Döviz kurlarındaki artışların sorulması üzerine de Ersin Özince, şu değerlendirmeyi yaptı: “Muhakkak, özellikle gelişen piyasaların para birimlerinin Amerikan doları karşısında değer kaybediyor olması önemli bir olumsuzluk. Üstüne gelişen piyasalardan Türkiye dahil ciddi ölçüde sermaye çıkışı oluyor. Gerçi bu sermaye çıkışının çok büyük bir bölümünün sıcak para dediğimiz tarzda sermaye olduğunu düşünebiliriz ama yine de bundan avunacak halimiz yok çünkü ülkemizin güçlü oranlarda büyüyebilmemiz için bizim yerli de, yabancı da sermayeye ihtiyacımız var. Çünkü kur ya da faiz piyasanın sonucudur.
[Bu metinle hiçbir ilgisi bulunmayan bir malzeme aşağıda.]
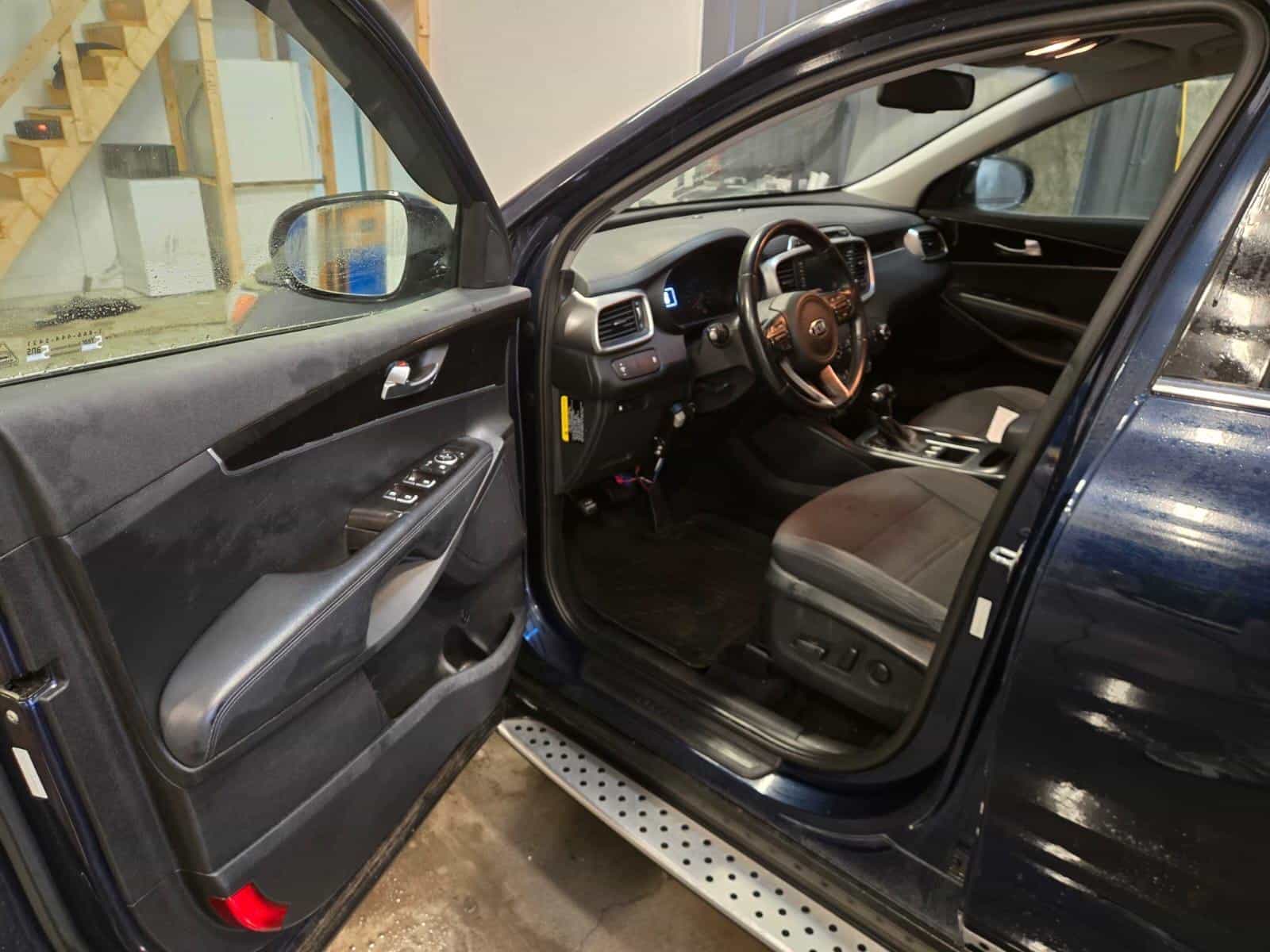 2017 Kia Sorento LX Turbo - Image 9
Ama TL'nin özellikle 2015 yılındaki değer kaybı mutlaka bankacılık sektörüne de etkileri oldu. Zaten 2015 yılındaki banka kredilerinden gördüğümüz artışın önemli bir bölümü kurdan kaynaklanıyor ne yazık ki. Ama bu gelişmelerin de Türkiye açısından çok büyük olumsuzluklar da oluşturacağını da düşünmüyorum. Yani döviz kurundaki artışın reel sektörümüzün borçluluğu açısından da büyük bir risk oluşturmadığı, şirket mali bünyelerini bozucu bir etkisi olmadığı sorunlu kredi miktarlarına bakılırsa görülüyor. Ama sonuç itibariyle istikrar böyle gerek borsamızda, gerek döviz kurunda ani ve sert dalgalanmaların olmadığı bir ortamda sağlanabilir. Bunun içinde en iyi çare uzun vade çözüm açısından ben piyasalarımızın derinleştirilmesi kanaatindeyim.”
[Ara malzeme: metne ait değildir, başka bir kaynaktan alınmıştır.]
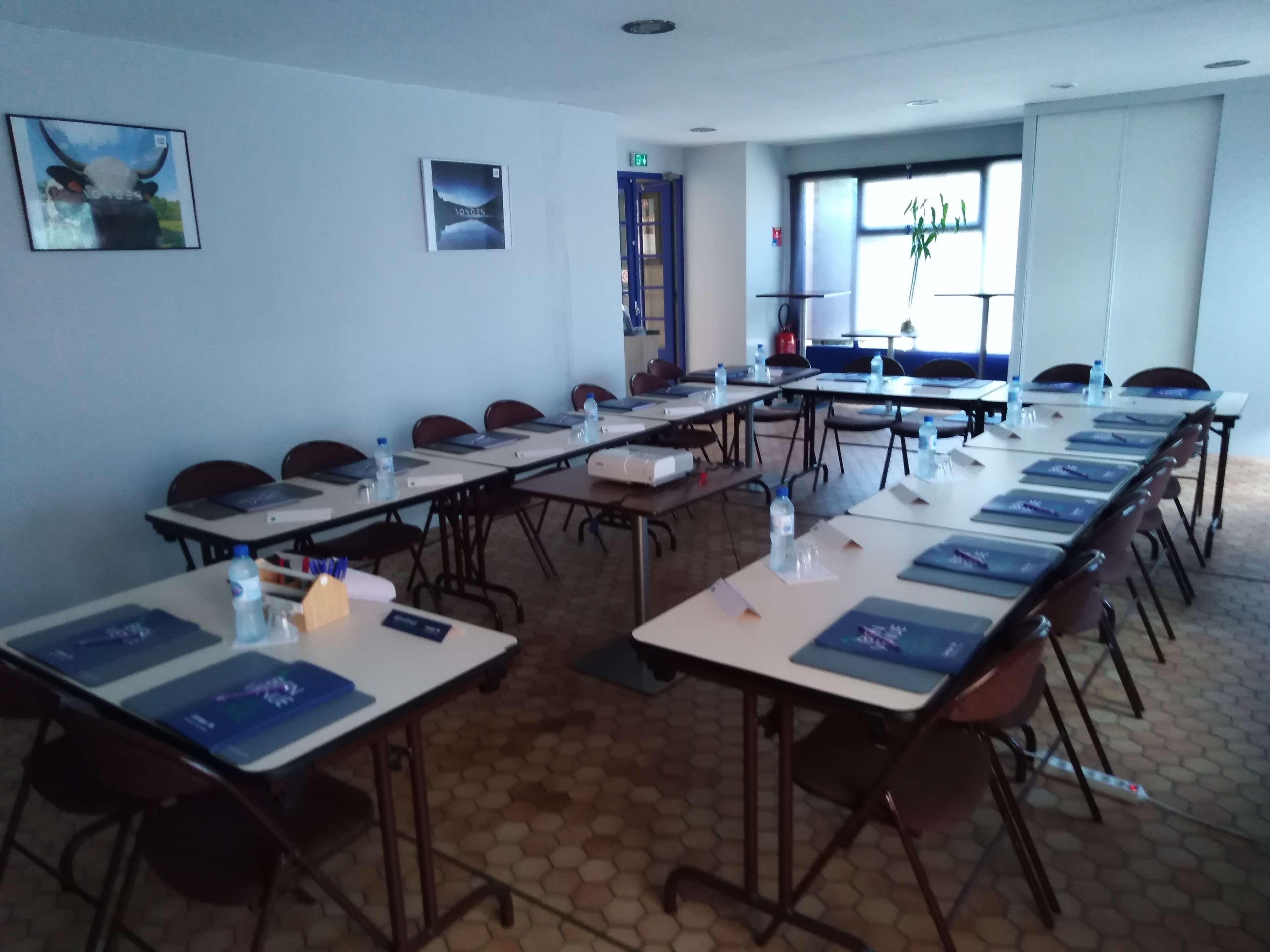 Kyriad Direct Epinal Bagian luar foto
"TÜRKİYE’NİN EN BÜYÜK SORUNU SOSYAL SİYASAL KONULAR"

Ersin Özince, Rusya’da ki gelişmelerin sorulması üzerine de, “Yani dünyadaki gelişmeler özellikle bizim coğrafyamızdaki ülkeler açısından iyi değil. Yani Türkiye’nin dış ticaretini yaptığı ve özellikle ihracatını yaptığı ülkelerin bir çoğunun büyüme oranlarının yavaşlayacağını görüyoruz ki, Rusya’da bunların başında olacağı, Rusya ile aramızdaki siyasi gerginlik bir tarafa, Rusya’nın zaten ekonomisinde ciddi bir yavaşlama olması bizi de zaten etkileyecekti. Tabi ambargo ayır bir husus. Ama aynı şey Kuzey Afrika ülkeleri dahil Orta Doğu ve Körfez ülkeleri içinde de söz konusu olacak. Yani bizim civarımızdaki ülkelerin çok büyük bölümü veya varlıklı olanları hammadde ihraç eden ülkeler. Bunlarda daha az kazandıklarına göre daha az harcayacaklar. Bu Türkiye’yi bir miktar etkileyecektir önümüzdeki dönemde ama yine de her zaman yine de söylediğimiz gibi enseyi karartmayıp işimize bakmak lazım. Türkiye’nin en önemli sorunu sosyal ve siyasal konularını halledip hepimizin huzur içinde yarınlara bakması hususudur.” şeklinde konuştu.

"İŞ BANKASI YORUMU SUÇTUR"

Cumhurbaşkanı Ekonomi Başdanışmanı Yiğit Bulut'un İş Bankası'nın bir kamu bankası haline getirilmesi gerektiği şeklinde i söylemi konusunun ise bir suç teşkil ettiğini belirten Özince, “İş Bankasına el konulmasını gerektirecek bir şey olamaz. İş Bankası halka açık bir şirket. Zannediyorum tartışma konusu yapılmak istenen Atatürk hisselerinin Cumhuriyet Halk Partisi tarafından temsil edilişidir. Bu bankanın yalnızca yüzde 28’i ile ilgili bir konu. Yani bu yüz binlerce hissedarı olan bir anonim şirkete el konulmasını söylemek eski sermaye piyasası kurulu başkanlarımızdan bir tanesinin ifade ettiği gibi mali bir suç teşkil ediyor sanırım. Tabi ben beyefendinin değerlendirmesi ile ilgili kişisel bir değerlendirme yapmak durumunda değilim. Ama basından aldığımız bilgiler doğrultusunda bu, bir anonim şirketin sadece itibarını değil, hissedarlarının mali konumunu da zedeleyecek tarzda bir şey. Doğru değil, en azından 50 bin tane iş bankası çalışanının ve emeklisini bu bankanın en büyük hissedarı olduğunun nazarı dikkate alınması suretiyle bu değerlendirme ‘şu bölümle ilgili’ falan diye yapılsaydı yine belki sakıncalı olurdu ama en azından 50 bin çalışanın ve yüz binlerce hissedarın da hukukuna ve böylesine bir ulusal müesseseyi tarafsız olarak götürme çabasına da saygı gösterilmiş olurdu.” şeklinde cevap verdi.